The Princess Bride is far from formulaic but still draws from traditional fairy tale romances. For example, the protagonist is a woman so beautiful that a local prince seeks her for his wife. However, she falls in love with a farm boy: invoking the theme of true love vs. A false love based only on social status. The theme is not novel by any means; some classic fairy tales like Beauty and the Beast also portray a female protagonist who falls in love with a man with low social status. In other fairy tales, the female protagonist is the character who is from a lower class than the male. Cinderella, for example, must appeal to the prince based on her earnestness and her physical attractiveness. In The Princess Bride, Buttercup falls in love with a farmboy-turned-pirate. Thus, the appeal of the pirate fantasy also weaves its way into the film. Themes like romance and adventure help to shape and reflect gender norms. Although The Princess Bride upholds traditional gender norms in the sense that the male becomes the pirate and helps to rescue the princess from demise, the film cleverly subverts those norms at the same time because of its tongue-in-cheek tone. Elements like the Rodents of Unusual Size and Humperdink's death machine remind the viewer that The Princess Bride is being ironic; it is a postmodern fairy tale "that challenges and affirms the conventions of a genre," ("The Princess Bride," 1987).

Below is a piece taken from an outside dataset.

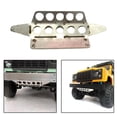 thumbnail image 4 of Placa de deslizamiento de coche rc ,Protector de placa de deslizamiento de coche rc protector de parachoques delantero,chasis de acero inoxidable tablero protector actualizaciones de, 4 of 8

The Princess Bride also mocks the presumed polarity of good and evil by exaggerating their manifestation. In traditional fairy tales, good and evil are absolutes, leaving no room for moral ambiguity. Reiner understands the need to convey the clear-cut binaries of good and evil in an ironic way. Good is so very good; and evil so very evil, that The Princess Bride starts to mock the very premises upon which the story is based. In The Princess Bride, Buttercup (Robin Wright) embodies absolute good. Westley (Cary Elwes), her beau, does too, as do the characters of Fezzik (Andre the Giant) and Inigo Montoya (Mandy Patinkin). On the other hand, Prince Humperdink (Chris Sarandon) and Count Tyrone (Christopher Guest) represent pure evil as they seek to destroy, kill, and thwart true love. The royals are conniving and manipulative, as is Vizzini (Wallace Shawn). Vizzini is only interested in his own personal gain; he is not so much evil as he is simply self-centered. Fezzik and Inigo Montoya only participate in the life of crime because they have no other choice in the highly socially stratified world in which they live. The creation of moral polarities is central to the thematic development of The Princess Bride.
The story-within-a-story format is also crucial to Reiner's production. Ecroyd (1991) points out how The Princess Bride refers to the power of storytelling and bedside reading as a cultural tradition. The grandfather (Peter Falk) emphasizes the fact that his own grandfather had read H.S. Morgenstern's book The Princess Bride to him when he was a boy; and that he had also read it to his son: the boy's father. Storytelling is portrayed as the means by which cultural norms are disseminated from generation to generation. In Reiner's cinema production of The Princess Bride, the prepubescent cringes at the love scenes at first and then comes to appreciate the story as a whole, for what it is. Therefore, the filmmaker shows how storytelling reflects the growth and change of human beings. Film critic Roger Ebert (1987) notes that Falk's voice serves the ultimate purpose of solidifying the cynical tone of the film: it "seems to contain a measure of cynicism about fairy stories, a certain awareness that there are a lot more things on heaven and Earth than have been dreamed of by the Brothers Grimm."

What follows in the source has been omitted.